NOVEMBER 2014 / DIRT BIKE 43
The transmission is okay. Shifting is a bit notchy, and the
shifter feels short (for a size- 47 boot). The ratios are excellent, though, and will help the bike’s versatility.
The new Triple Air fork is a monumental improvement
over the badly valved SFF unit from last year. The Showa
unit mirrors the factory triples in that there are three chambers that let you set pressure and balance. The right fork
leg carries the Triple Air Chamber. There are two air valves
on top that charge the inner and outer chambers of the
fork. The outside chamber is low pressure (standard setting 0– 19 psi). The inner chamber looks like a normal fork
cartridge and typically has a range of 90–190 psi. The inner
cartridge handles most the fork’s total spring force. On the
bottom there’s a piggyback chamber that is tagged the balance chamber. It pushes against the two air chambers on
top to help get the fork in motion, creating negative pressure. Basically, it helps to make the unit plusher. Almost
everyone we talked to is horrified over the continuous
need to set pressure, but, to be honest, we set it and rode.
Made an air change and rode. Went back, made a damping change and rode. Don’t overthink the design and use
it to your advantage.
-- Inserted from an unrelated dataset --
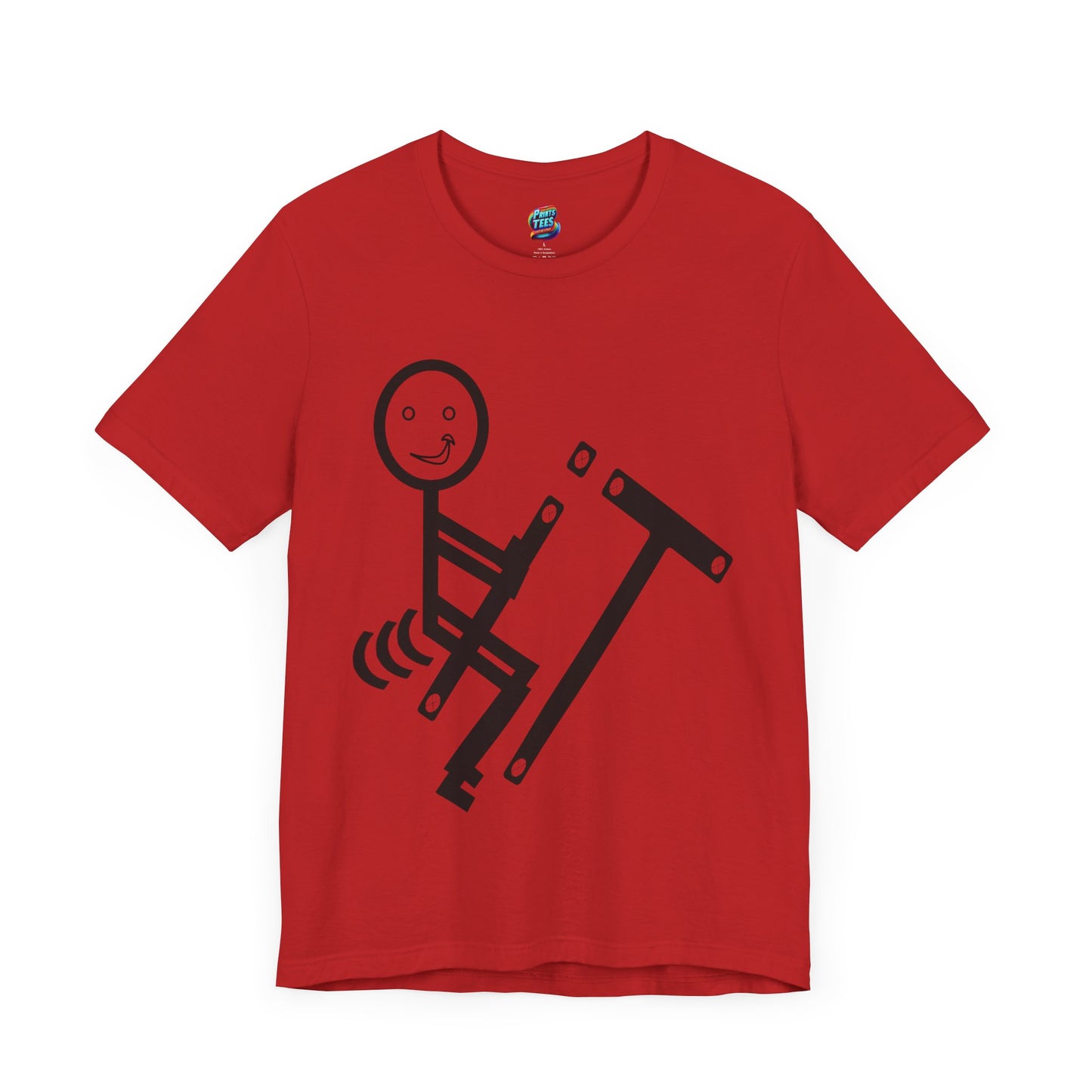 Fu(k It-Jersey Knit T-Shirt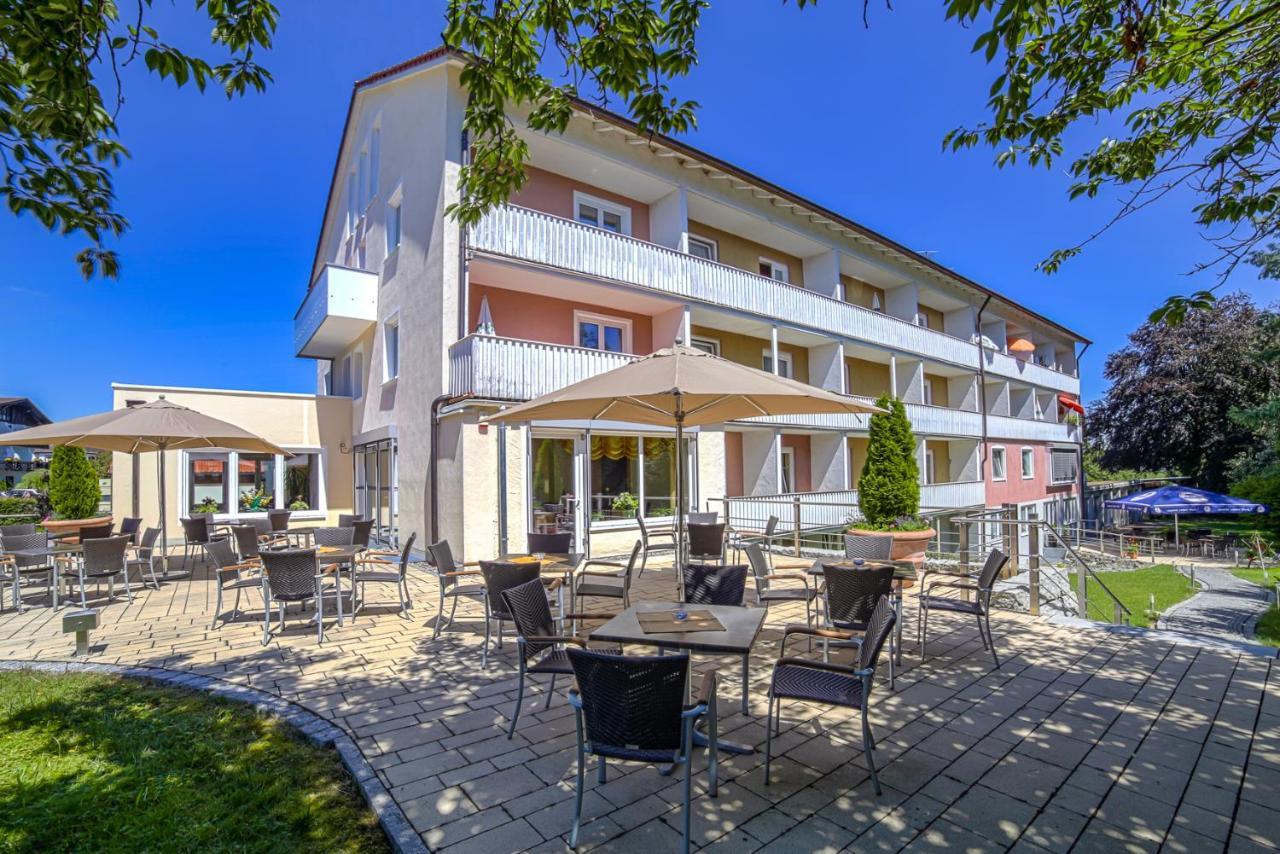 Kneipp-Kurhotel Emilie Bad Wörishofen Zewnętrze zdjęcie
On the less than thrilled side, the fork
tends to ride high in the stroke and is in ‘no way’ plush.
Out back, the shock remains a strength of the RM-Z.
It’s sprung right for a 165- to 185-pound rider and does an
excellent job of tracking, biting and absorbing all kinds of
track hits without much ado. Our best numbers came when
we set the sag at 105mm. Over preload, the Z and the rear
kicks and totally jacks with the front end’s cornering teeth.
Too much sag and the cornering goes vague.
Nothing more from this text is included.